(WORK ITEM):
Each line of the data below between the one containing "Pop Art Colourful" and the one containing "Vintage 1970s Black", both included, is to be repeated exactly. Please omit pictures.
[DATA FOR THE TASK Boundary: Start]
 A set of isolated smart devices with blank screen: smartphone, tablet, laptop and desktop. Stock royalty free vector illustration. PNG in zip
[DATA FOR THE TASK Boundary: End]
[DATA FOR THE TASK Boundary: Start]
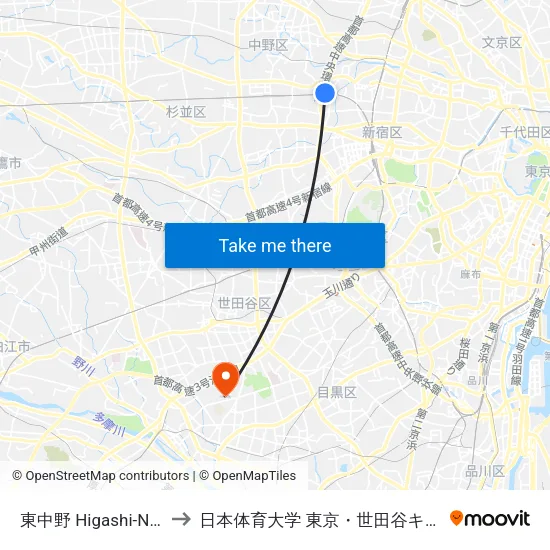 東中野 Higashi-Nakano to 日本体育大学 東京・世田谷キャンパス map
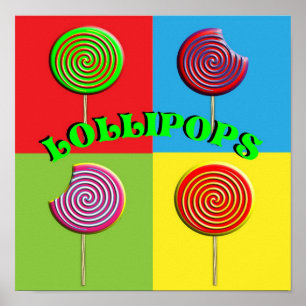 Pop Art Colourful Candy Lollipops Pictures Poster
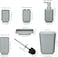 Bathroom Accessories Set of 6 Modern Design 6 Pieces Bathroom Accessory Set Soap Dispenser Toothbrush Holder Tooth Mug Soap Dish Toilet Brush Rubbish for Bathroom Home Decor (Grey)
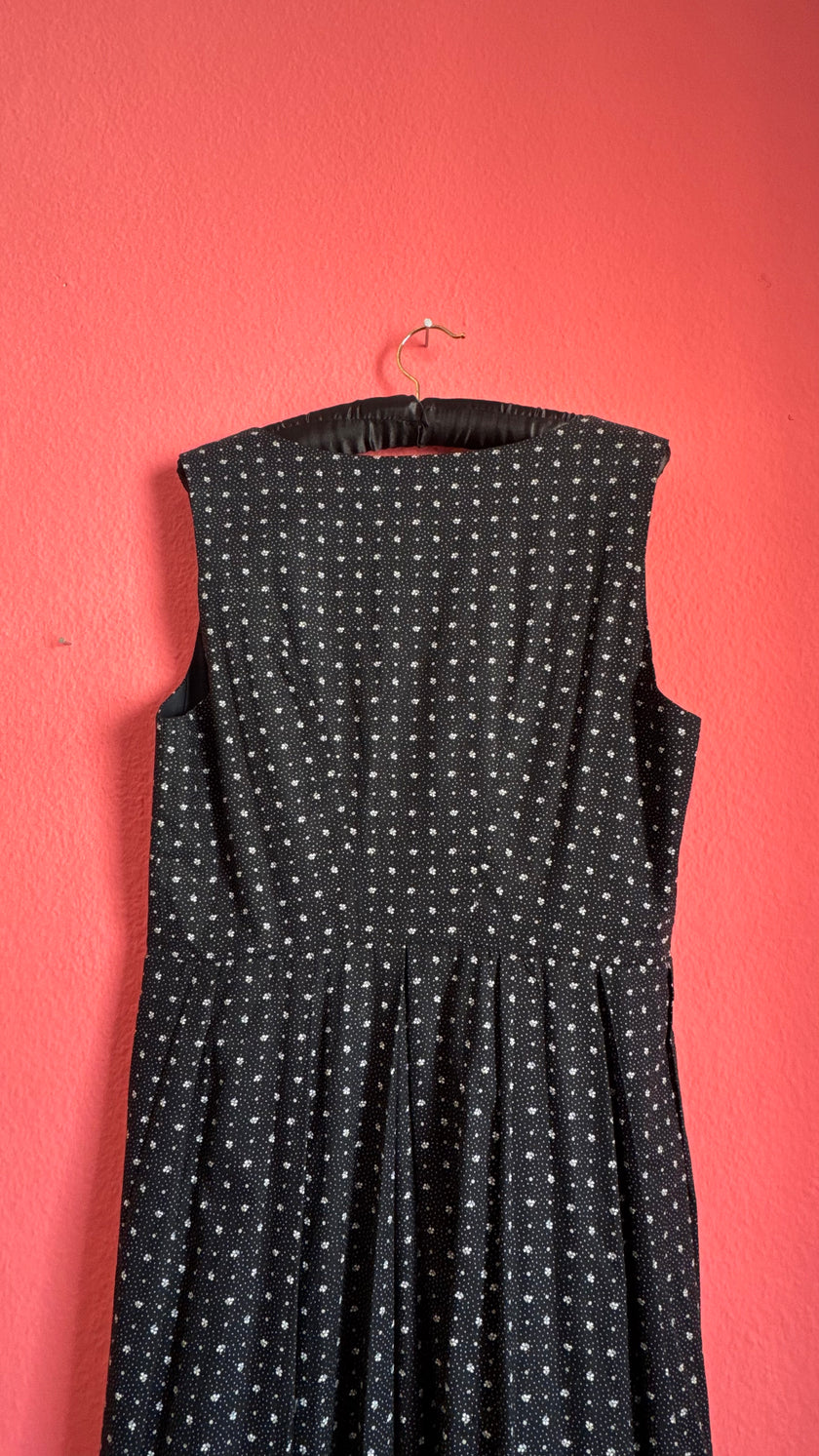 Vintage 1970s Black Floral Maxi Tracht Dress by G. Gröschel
[DATA FOR THE TASK Boundary: End]
(RESPONSE AREA):
 Pop Art Colourful Candy Lollipops Pictures Poster
 Bathroom Accessories Set of 6 Modern Design 6 Pieces Bathroom Accessory Set Soap Dispenser Toothbrush Holder Tooth Mug Soap Dish Toilet Brush Rubbish for Bathroom Home Decor (Grey)
 Vintage 1970s Black Floral Maxi Tracht Dress by G. Gröschel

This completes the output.